The AMS’ Social Issues Commission will be doing outreach over the next week to review the history of misogynistic signs/banners at homecoming, the harmful effect they have, and how to report it when you see one. To those who have been impacted by the signs hung last weekend, we are here to support you. We encourage those in need of support to utilize our Peer Support Centre as well as services such as Student Wellness Services, Sexual Assault Centre Kingston, and Kingston Interval House.
While we are disappointed by the large gatherings that took place over the weekend near Queen’s University, the AMS does not support the tactics taken by the police. The AMS was involved in prior conversations with the City of Kingston, Kingston police, and Queen’s administration to discuss safety, harm reduction measures, and law enforcement for homecoming weekend. The tactics that were deployed by the police are not what we were informed of, and we were surprised and disappointed by the over-policing of our students. Furthermore, we were disappointed to see our university support such tactics. Various student leaders and students at large have expressed to the AMS their concerns and negative experiences with police during homecoming weekend. We must prioritize more effective methods of harm reduction and safety over policing and security.
While we understand concerns from community members, it is important to note that the police this weekend exacerbated the events of homecoming and the tactics were not only ineffective but excessive. The over-policing of students and the presence of provincial riot police was unnecessary, and we have seen many accounts of police showing undue aggression towards students. For marginalized students from communities that are historically over-policed, this presence was especially harmful.
Last week, Queen’s committed to giving the City of Kingston a donation of $350,000. The city is now deciding how to spend the money, and we have created a petition calling on them to allocate it towards harm reduction measures, Kingston health care, and other social services. We believe the best approach to addressing this issue focuses on safety rather than security, and have created this petition so that students may advocate towards how this money is spent.

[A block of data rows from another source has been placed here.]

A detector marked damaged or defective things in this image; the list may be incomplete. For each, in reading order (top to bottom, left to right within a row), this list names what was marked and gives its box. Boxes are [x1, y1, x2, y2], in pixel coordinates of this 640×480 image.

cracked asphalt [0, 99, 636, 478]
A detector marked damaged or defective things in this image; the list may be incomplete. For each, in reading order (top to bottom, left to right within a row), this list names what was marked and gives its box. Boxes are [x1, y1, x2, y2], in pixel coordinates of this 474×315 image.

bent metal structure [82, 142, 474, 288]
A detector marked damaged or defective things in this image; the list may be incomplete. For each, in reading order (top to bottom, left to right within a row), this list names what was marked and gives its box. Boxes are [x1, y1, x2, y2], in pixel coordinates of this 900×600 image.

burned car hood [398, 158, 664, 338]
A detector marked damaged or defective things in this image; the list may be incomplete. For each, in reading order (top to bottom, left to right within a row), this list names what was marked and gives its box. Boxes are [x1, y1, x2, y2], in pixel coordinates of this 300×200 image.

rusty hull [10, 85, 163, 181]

Moving forward, the AMS will be addressing our concerns directly with the City of Kingston and Queen’s Administration. We will continue to promote respectful and safe practices and behavior as well as harm reduction measures for our students. In continuation of our Social Issues Commission’s outreach prior to homecoming, we will also be sharing safety and legal resources for our students and information regarding students’ rights when dealing with law enforcement, police maltreatment, Kingston emergency orders, and party by-laws, and public health regulations and guidelines.

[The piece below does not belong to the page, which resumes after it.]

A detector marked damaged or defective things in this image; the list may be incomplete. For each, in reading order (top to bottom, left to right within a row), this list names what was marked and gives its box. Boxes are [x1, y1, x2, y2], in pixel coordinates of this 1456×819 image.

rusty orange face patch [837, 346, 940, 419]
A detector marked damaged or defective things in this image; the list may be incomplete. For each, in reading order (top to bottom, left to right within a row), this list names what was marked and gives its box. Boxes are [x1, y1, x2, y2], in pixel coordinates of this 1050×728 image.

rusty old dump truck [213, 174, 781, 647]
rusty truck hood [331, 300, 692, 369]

There is no denying that Homecoming is a special time for Queen’s students and alumni alike. We ask our students to reflect on the privilege of being once again in-person and on-campus this year. If you plan to engage in activities with friends, please socialize in small groups and help keep our community safe and together.
Alma Mater Society (AMS) – //www.myams.org
The central undergraduate student government at Queen’s University, the AMS represents over 19,000 students and is the oldest student government in Canada. There are over 1,000 student volunteers and 700 paid staff.